━━ Information supplied

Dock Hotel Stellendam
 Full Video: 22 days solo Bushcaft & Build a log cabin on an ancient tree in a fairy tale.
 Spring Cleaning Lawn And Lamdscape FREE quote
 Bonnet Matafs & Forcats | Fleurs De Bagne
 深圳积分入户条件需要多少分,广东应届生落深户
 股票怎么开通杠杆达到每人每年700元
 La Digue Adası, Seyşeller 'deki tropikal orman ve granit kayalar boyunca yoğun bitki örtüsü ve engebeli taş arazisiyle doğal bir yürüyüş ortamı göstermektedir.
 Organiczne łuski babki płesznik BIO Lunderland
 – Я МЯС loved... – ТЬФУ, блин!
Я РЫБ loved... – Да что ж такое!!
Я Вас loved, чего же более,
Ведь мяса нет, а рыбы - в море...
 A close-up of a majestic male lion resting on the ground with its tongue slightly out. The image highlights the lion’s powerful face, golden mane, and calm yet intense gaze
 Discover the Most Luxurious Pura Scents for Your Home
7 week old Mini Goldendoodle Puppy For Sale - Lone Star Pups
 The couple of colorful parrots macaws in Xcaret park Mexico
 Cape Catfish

━━━━

About this task –
Among the records above, only the lines between the line holding "深圳积分入户条件需要多少分,广东应届生落深户" and the line holding "Ведь мяса нет, а рыбы - в море...", inclusive, are to be output, exactly as written.

Exercise response –
 深圳积分入户条件需要多少分,广东应届生落深户
 股票怎么开通杠杆达到每人每年700元
 La Digue Adası, Seyşeller 'deki tropikal orman ve granit kayalar boyunca yoğun bitki örtüsü ve engebeli taş arazisiyle doğal bir yürüyüş ortamı göstermektedir.
 Organiczne łuski babki płesznik BIO Lunderland
 – Я МЯС loved... – ТЬФУ, блин!
Я РЫБ loved... – Да что ж такое!!
Я Вас loved, чего же более,
Ведь мяса нет, а рыбы - в море...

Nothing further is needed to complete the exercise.